About this exercise: Check each line of the listing for the word "game" and report the ones that have it.

+ + + + +

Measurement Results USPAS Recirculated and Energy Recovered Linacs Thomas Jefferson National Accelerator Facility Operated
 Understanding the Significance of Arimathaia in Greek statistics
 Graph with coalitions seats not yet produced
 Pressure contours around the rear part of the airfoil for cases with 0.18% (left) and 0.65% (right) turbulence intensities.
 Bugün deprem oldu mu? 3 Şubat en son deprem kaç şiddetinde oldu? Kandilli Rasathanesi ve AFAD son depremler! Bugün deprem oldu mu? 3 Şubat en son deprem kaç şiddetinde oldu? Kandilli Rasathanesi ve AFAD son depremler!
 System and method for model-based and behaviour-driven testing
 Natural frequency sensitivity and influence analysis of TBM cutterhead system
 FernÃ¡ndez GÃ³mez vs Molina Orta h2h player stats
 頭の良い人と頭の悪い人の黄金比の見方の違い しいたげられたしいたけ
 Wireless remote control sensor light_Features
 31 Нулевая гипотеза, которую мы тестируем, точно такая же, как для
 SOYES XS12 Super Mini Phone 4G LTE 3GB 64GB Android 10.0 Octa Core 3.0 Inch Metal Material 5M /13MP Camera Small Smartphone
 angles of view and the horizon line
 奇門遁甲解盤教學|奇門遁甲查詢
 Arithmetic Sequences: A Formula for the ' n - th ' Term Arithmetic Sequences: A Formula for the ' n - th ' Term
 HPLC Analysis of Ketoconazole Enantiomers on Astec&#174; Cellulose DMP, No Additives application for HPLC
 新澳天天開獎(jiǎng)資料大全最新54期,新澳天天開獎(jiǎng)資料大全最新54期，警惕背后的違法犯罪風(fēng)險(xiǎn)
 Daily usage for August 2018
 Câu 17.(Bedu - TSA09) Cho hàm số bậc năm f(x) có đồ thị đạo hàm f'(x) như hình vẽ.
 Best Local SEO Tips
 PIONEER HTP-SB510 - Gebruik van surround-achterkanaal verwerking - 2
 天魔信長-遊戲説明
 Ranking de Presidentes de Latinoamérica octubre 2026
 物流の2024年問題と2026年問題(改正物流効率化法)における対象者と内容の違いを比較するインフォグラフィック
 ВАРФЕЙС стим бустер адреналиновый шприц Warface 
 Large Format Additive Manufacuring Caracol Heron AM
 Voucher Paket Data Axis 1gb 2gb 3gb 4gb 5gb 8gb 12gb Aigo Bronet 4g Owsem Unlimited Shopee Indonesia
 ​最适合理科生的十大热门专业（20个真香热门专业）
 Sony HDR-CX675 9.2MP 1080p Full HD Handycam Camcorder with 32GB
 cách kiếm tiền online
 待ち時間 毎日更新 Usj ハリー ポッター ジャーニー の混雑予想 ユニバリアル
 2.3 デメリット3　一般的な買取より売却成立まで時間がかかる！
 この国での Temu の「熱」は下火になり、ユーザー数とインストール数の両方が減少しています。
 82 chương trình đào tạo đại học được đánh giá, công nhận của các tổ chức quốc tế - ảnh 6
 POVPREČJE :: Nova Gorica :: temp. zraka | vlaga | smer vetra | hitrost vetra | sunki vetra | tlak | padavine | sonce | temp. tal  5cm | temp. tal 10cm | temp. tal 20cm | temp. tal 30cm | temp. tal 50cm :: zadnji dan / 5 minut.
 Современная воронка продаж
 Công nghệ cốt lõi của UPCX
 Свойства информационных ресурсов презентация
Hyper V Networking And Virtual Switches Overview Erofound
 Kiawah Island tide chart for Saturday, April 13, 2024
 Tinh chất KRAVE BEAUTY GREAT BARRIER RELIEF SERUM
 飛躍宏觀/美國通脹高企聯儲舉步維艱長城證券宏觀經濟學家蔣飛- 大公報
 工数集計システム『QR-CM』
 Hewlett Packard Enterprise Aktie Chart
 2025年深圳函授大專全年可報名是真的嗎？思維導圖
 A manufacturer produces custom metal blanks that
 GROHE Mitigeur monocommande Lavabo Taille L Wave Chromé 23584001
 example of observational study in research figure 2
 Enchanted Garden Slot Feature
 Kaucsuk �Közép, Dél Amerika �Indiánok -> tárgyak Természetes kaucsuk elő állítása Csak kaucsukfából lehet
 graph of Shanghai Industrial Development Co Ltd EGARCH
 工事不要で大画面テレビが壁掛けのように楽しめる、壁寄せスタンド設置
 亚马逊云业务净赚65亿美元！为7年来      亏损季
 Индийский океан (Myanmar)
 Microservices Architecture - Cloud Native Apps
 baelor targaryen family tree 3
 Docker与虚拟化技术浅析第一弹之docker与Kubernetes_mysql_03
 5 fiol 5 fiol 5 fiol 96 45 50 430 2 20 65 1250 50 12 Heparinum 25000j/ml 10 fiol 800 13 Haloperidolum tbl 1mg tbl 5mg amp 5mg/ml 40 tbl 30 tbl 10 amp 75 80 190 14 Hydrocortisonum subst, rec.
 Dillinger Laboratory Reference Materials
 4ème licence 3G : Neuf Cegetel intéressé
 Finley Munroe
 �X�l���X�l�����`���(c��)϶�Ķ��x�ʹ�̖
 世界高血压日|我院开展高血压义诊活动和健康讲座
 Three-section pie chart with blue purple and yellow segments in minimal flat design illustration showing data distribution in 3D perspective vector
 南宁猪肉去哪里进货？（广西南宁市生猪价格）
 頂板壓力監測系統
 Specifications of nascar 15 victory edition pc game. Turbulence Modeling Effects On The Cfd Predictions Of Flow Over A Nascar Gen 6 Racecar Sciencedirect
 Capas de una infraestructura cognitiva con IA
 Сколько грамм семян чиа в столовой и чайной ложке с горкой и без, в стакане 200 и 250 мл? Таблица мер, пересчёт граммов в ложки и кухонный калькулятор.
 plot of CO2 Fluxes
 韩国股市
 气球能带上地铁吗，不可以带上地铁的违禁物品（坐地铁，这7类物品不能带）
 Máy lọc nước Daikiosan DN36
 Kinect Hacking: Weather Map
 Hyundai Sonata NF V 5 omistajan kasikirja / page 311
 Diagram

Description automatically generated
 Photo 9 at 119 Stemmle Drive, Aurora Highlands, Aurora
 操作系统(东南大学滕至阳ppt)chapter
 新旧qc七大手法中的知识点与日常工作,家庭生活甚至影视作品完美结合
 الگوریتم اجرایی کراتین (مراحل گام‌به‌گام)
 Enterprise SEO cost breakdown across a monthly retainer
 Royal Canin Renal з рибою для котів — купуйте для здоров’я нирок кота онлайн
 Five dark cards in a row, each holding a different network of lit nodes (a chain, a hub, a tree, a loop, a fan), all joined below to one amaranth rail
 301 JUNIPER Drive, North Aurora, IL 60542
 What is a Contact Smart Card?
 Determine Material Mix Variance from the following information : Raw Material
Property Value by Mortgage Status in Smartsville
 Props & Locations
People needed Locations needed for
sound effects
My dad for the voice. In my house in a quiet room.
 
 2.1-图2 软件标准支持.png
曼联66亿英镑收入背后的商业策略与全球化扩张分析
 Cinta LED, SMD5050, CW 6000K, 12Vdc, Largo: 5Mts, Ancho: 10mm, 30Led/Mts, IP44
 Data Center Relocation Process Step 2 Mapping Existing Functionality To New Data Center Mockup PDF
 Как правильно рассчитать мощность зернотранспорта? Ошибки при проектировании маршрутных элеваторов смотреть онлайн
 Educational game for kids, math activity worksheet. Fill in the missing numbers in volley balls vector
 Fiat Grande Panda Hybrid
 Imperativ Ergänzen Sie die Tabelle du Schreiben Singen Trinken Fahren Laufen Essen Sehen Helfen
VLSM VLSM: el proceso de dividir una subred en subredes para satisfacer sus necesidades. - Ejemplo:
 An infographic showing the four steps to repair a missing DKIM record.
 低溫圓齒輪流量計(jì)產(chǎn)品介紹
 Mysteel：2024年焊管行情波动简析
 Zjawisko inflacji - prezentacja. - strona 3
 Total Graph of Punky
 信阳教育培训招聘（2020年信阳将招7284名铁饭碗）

+ + + + +

Output:
 Specifications of nascar 15 victory edition pc game. Turbulence Modeling Effects On The Cfd Predictions Of Flow Over A Nascar Gen 6 Racecar Sciencedirect
 Educational game for kids, math activity worksheet. Fill in the missing numbers in volley balls vector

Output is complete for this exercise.